The problem:
Write out the data below exactly, from its first line to the line containing "The last step", that line included.

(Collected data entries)

*** Begin section ***

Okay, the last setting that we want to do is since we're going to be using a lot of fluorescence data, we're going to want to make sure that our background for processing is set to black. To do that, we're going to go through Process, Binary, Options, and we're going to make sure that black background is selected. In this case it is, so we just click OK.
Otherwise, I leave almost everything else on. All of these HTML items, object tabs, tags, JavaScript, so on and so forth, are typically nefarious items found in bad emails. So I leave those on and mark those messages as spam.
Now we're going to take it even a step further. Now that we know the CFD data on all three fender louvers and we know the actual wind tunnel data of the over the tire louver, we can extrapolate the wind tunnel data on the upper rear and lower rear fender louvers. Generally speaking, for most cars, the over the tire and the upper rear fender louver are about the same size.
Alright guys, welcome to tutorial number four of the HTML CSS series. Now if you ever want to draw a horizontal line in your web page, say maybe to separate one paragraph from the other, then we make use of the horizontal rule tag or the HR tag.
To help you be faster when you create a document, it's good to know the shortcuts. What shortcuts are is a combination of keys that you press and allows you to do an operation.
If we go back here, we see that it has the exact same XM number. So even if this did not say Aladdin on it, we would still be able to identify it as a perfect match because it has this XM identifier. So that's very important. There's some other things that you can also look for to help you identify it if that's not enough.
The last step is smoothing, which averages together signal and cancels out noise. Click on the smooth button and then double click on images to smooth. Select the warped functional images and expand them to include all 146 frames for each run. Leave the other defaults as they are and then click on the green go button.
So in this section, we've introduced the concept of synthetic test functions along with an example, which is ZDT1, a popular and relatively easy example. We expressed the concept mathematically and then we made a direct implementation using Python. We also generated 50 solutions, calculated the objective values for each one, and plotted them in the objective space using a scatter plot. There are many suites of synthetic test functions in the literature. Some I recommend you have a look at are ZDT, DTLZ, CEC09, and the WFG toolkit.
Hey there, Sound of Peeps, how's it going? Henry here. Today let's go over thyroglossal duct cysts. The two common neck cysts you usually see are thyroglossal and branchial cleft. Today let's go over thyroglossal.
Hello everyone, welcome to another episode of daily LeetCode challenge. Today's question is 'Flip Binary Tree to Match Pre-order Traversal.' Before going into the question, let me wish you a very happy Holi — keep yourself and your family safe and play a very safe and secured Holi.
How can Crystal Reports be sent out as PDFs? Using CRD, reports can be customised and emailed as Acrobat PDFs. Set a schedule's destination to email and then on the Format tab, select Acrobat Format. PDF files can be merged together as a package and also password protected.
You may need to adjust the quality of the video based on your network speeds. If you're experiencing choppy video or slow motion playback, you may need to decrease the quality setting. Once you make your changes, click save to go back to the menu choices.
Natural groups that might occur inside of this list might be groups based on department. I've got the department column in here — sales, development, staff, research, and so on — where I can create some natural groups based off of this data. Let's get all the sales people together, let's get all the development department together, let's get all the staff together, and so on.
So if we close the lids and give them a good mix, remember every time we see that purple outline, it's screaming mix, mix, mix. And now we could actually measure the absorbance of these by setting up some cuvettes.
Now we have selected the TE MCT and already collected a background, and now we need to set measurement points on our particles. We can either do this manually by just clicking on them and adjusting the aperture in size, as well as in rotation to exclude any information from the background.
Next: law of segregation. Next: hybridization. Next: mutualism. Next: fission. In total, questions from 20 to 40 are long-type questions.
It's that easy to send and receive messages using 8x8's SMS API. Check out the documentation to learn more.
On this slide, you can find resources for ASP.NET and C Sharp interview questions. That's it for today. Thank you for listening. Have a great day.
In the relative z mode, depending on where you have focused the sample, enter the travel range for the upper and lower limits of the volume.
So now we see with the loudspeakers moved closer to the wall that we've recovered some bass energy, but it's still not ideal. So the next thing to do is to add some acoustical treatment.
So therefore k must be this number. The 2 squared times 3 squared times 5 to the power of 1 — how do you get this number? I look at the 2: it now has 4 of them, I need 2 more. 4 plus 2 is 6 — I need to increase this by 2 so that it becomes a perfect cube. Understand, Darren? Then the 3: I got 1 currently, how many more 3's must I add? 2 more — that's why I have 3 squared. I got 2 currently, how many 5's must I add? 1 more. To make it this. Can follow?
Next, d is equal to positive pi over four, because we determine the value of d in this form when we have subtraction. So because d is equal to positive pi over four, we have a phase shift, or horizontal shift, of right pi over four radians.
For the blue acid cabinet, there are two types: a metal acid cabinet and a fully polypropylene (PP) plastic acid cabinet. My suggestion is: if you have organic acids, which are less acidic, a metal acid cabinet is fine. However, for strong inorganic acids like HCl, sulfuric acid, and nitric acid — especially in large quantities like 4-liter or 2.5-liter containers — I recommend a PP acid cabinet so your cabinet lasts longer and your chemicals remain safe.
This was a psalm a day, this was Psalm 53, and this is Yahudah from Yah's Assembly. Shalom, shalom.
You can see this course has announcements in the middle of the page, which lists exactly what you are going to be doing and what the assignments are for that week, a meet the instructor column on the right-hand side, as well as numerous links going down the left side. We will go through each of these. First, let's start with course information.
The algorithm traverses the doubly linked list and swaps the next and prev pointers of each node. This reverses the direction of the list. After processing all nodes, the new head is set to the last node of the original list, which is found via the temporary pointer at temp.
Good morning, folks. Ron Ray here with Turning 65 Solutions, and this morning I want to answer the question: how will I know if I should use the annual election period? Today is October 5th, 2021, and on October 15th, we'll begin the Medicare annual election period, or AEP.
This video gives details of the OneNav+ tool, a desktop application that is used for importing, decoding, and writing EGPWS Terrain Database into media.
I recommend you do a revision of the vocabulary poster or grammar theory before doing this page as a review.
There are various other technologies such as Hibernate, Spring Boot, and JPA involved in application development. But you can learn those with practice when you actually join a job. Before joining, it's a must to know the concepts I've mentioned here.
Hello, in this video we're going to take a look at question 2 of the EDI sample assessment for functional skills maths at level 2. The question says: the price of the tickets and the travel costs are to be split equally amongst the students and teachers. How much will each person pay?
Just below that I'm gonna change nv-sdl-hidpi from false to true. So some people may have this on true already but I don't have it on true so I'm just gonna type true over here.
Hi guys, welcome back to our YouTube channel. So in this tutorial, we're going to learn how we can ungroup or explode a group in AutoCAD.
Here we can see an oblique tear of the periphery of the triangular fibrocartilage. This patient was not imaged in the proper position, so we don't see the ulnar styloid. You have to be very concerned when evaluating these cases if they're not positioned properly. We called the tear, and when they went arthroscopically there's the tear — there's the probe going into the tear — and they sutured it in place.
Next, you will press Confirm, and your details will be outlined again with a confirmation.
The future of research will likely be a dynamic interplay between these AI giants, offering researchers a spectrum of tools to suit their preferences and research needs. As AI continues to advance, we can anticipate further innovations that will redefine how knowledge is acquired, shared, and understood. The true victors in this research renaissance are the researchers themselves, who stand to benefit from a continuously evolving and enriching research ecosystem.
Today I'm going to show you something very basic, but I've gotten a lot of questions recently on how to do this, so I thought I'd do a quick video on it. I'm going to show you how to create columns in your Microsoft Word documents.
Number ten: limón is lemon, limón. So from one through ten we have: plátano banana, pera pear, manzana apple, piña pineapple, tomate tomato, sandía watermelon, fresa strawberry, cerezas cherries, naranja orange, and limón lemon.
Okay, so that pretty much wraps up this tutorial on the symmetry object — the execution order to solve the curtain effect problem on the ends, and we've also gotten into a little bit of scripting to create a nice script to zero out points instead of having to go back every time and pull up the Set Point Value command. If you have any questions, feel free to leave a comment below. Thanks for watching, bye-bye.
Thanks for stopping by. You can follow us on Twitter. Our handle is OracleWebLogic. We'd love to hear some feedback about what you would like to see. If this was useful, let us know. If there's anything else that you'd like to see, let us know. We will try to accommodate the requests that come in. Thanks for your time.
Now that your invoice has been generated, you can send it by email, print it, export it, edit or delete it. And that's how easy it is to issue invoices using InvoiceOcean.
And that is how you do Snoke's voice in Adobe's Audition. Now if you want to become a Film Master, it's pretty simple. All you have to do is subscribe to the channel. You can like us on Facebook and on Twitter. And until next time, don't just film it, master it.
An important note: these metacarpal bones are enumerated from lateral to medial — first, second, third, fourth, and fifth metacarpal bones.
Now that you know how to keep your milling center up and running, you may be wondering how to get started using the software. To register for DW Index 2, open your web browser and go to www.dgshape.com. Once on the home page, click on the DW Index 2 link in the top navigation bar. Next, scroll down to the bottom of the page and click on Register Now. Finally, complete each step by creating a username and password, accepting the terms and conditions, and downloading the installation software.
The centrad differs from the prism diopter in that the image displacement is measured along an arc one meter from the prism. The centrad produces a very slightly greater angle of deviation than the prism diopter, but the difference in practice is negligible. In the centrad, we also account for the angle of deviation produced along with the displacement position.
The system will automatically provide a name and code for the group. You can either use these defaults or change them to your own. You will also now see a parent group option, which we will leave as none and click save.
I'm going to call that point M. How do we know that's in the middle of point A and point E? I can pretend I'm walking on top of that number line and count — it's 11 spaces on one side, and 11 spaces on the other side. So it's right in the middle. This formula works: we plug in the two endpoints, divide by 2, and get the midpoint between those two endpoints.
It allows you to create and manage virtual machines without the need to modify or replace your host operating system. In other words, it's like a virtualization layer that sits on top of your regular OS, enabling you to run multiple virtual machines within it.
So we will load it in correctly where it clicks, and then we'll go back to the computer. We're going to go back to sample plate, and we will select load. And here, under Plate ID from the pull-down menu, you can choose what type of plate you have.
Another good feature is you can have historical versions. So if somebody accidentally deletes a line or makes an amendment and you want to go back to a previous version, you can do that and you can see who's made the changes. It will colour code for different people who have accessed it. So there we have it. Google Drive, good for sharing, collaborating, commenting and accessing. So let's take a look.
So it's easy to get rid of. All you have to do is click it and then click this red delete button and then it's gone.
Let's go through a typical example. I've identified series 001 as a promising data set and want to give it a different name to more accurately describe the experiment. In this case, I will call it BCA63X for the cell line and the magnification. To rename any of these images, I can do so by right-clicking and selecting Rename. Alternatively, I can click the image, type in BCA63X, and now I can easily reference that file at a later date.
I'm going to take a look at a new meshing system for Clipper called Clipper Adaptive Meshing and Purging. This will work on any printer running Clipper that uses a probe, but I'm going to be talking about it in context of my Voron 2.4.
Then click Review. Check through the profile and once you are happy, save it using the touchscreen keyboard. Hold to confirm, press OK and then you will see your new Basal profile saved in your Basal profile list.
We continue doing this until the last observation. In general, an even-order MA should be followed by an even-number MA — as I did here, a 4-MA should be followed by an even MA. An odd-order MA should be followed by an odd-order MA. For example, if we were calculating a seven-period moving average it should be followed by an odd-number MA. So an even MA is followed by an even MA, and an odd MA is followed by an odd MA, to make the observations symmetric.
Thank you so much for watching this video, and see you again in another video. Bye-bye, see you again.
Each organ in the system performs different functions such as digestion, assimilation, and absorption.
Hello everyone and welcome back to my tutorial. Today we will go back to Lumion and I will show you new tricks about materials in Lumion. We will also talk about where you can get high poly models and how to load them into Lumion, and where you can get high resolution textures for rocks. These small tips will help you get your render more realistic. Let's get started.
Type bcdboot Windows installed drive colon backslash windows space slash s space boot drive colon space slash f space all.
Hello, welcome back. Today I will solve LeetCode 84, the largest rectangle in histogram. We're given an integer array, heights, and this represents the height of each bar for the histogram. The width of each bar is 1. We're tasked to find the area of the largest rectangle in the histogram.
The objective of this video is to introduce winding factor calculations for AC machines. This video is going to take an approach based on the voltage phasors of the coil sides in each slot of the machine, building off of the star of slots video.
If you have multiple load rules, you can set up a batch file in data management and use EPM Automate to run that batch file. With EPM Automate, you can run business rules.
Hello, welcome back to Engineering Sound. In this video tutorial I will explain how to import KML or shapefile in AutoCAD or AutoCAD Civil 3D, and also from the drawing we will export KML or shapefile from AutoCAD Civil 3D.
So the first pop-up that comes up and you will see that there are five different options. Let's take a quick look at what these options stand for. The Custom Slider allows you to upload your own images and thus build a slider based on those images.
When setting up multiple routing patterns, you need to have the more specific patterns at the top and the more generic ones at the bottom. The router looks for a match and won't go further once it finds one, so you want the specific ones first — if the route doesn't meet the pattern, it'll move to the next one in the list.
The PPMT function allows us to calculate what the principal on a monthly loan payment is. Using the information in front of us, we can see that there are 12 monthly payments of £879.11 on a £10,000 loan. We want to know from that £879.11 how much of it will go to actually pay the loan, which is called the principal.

*** End section ***

Exercise result:
Okay, the last setting that we want to do is since we're going to be using a lot of fluorescence data, we're going to want to make sure that our background for processing is set to black. To do that, we're going to go through Process, Binary, Options, and we're going to make sure that black background is selected. In this case it is, so we just click OK.
Otherwise, I leave almost everything else on. All of these HTML items, object tabs, tags, JavaScript, so on and so forth, are typically nefarious items found in bad emails. So I leave those on and mark those messages as spam.
Now we're going to take it even a step further. Now that we know the CFD data on all three fender louvers and we know the actual wind tunnel data of the over the tire louver, we can extrapolate the wind tunnel data on the upper rear and lower rear fender louvers. Generally speaking, for most cars, the over the tire and the upper rear fender louver are about the same size.
Alright guys, welcome to tutorial number four of the HTML CSS series. Now if you ever want to draw a horizontal line in your web page, say maybe to separate one paragraph from the other, then we make use of the horizontal rule tag or the HR tag.
To help you be faster when you create a document, it's good to know the shortcuts. What shortcuts are is a combination of keys that you press and allows you to do an operation.
If we go back here, we see that it has the exact same XM number. So even if this did not say Aladdin on it, we would still be able to identify it as a perfect match because it has this XM identifier. So that's very important. There's some other things that you can also look for to help you identify it if that's not enough.
The last step is smoothing, which averages together signal and cancels out noise. Click on the smooth button and then double click on images to smooth. Select the warped functional images and expand them to include all 146 frames for each run. Leave the other defaults as they are and then click on the green go button.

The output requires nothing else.